Exclude images; transcribe the rest of the data exactly.
*** Opening SOURCE DATA ***
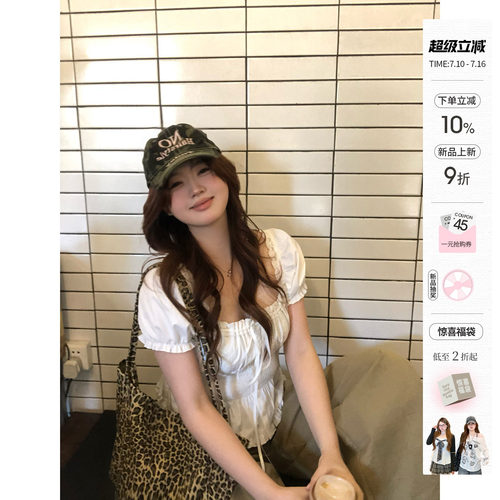 你的鱼 松弛智妍 韩系微胖mm春夏系带抽褶日常甜系休闲泡泡袖上衣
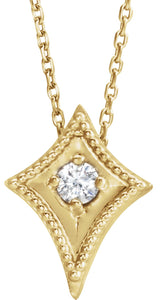 14K Gold Round Natural Diamond Solitaire Necklace – 1/10 CTW - Yellow Gold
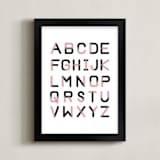 "Color Font Alphabet" - Art Print in Rose Gold by Erica Marquis - Framed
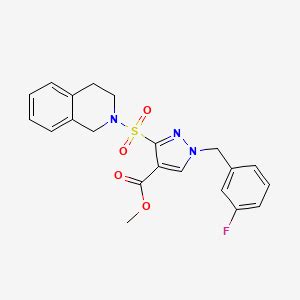 Methyl 3 3 4 Dihydroisoquinolin 2 1H Yl Sulfonyl 1 3 Fluorobenzyl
*** Closing SOURCE DATA ***
### RESULT FOR THIS EXERCISE
 你的鱼 松弛智妍 韩系微胖mm春夏系带抽褶日常甜系休闲泡泡袖上衣
 14K Gold Round Natural Diamond Solitaire Necklace – 1/10 CTW - Yellow Gold
 "Color Font Alphabet" - Art Print in Rose Gold by Erica Marquis - Framed
 Methyl 3 3 4 Dihydroisoquinolin 2 1H Yl Sulfonyl 1 3 Fluorobenzyl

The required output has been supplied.